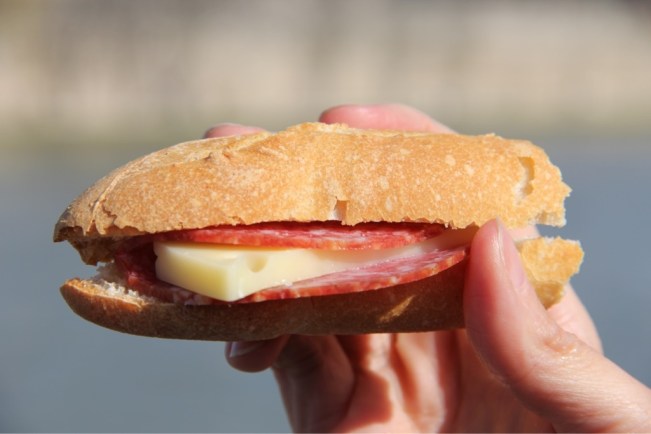 Da bekommt man Hunger!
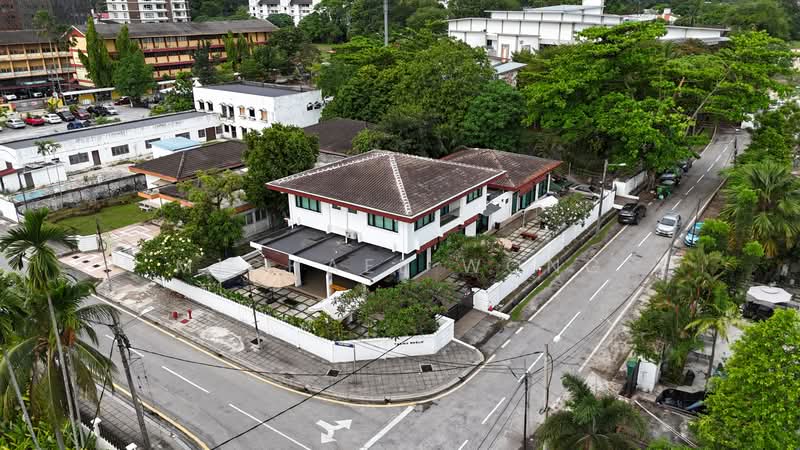 Bungalow for Sale in Taman U-Thant (Kuala Lumpur) - Michael Wong - Exterior - PropertyGuru.com.my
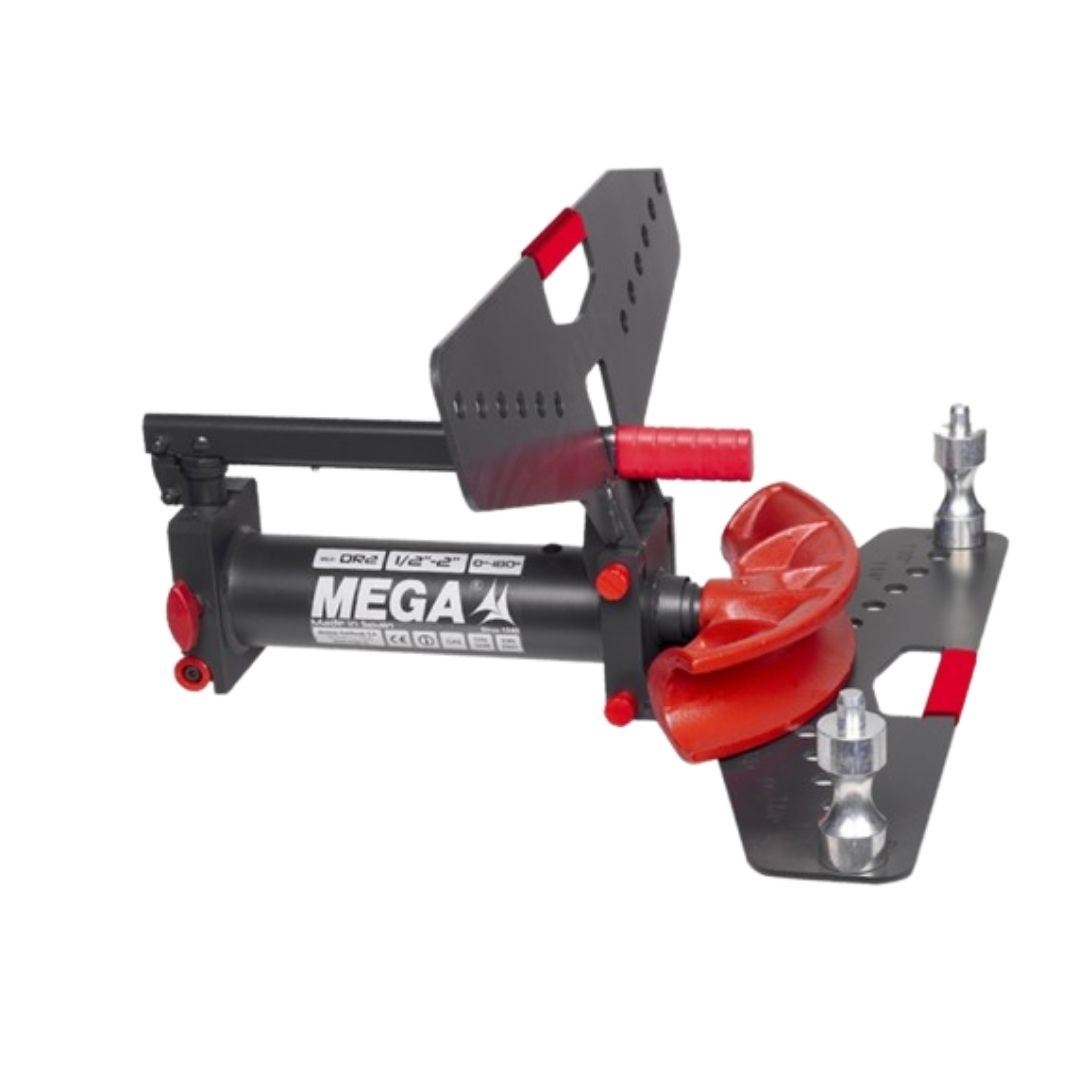 Dobladora hidr&aacute;ulica DR3 MEGA DE 3/8&rdquo; A 3&rdquo; 02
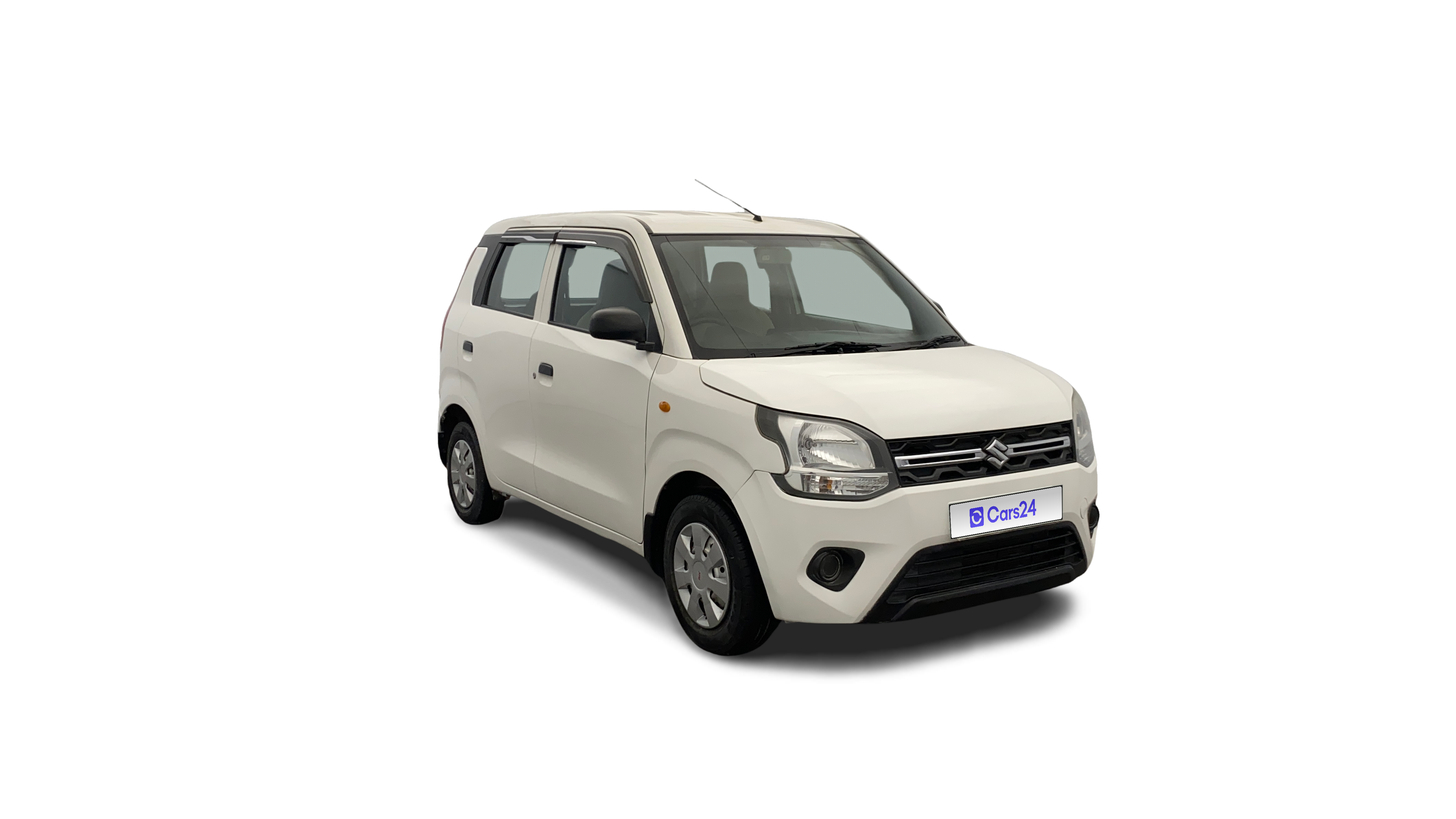 2020 Maruti New Wagon-R - Hatchback - CNG - Manual - ₹4.21 lakh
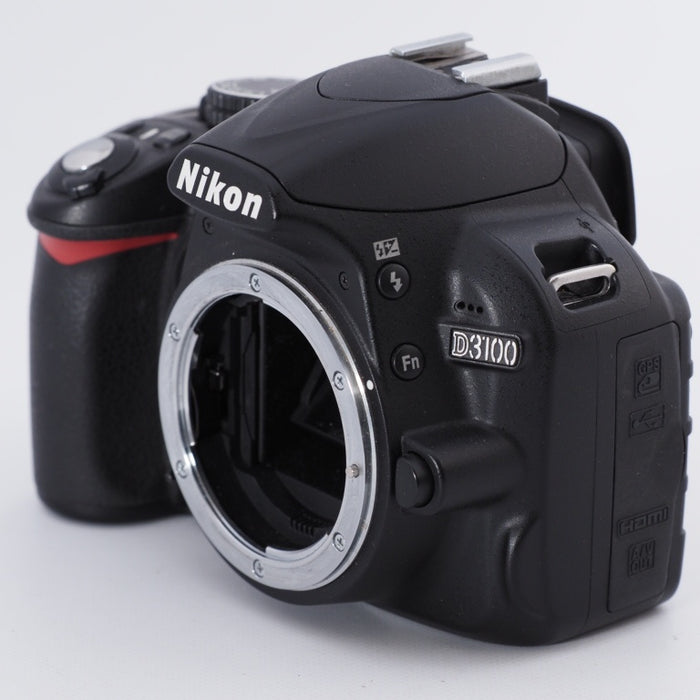 Nikon ニコン デジタル一眼レフカメラ D3100 ボディ D3100 #9180 ...
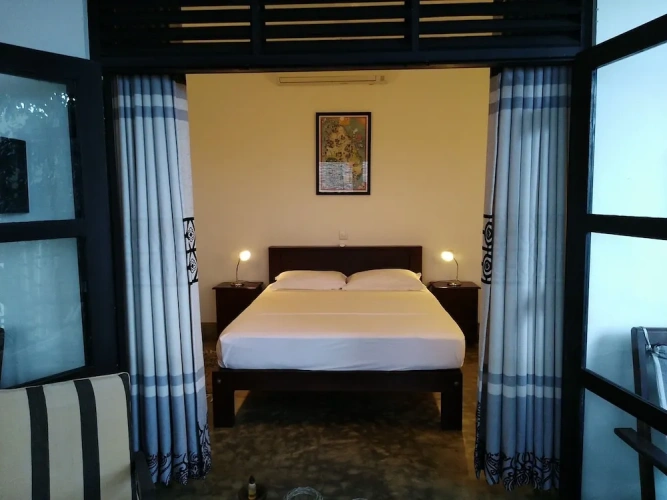 Standard Double room with ocean view
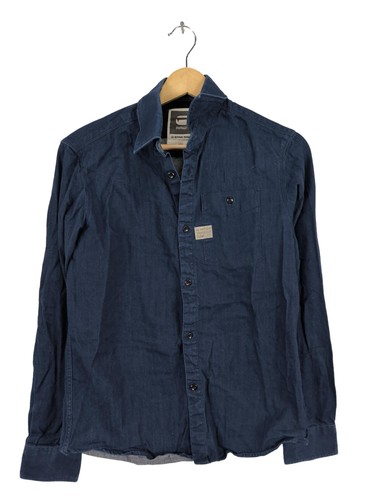 Star raw jeanshemd - g-star,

● ● ● ● ●

__Work task__. What you set down should be exactly the lines from the line containing "2020 Maruti New" to the last line of the entries above, both included, with no pictures.

__Finished task__.
 2020 Maruti New Wagon-R - Hatchback - CNG - Manual - ₹4.21 lakh
 Nikon ニコン デジタル一眼レフカメラ D3100 ボディ D3100 #9180 ...
 Standard Double room with ocean view
 Star raw jeanshemd - g-star,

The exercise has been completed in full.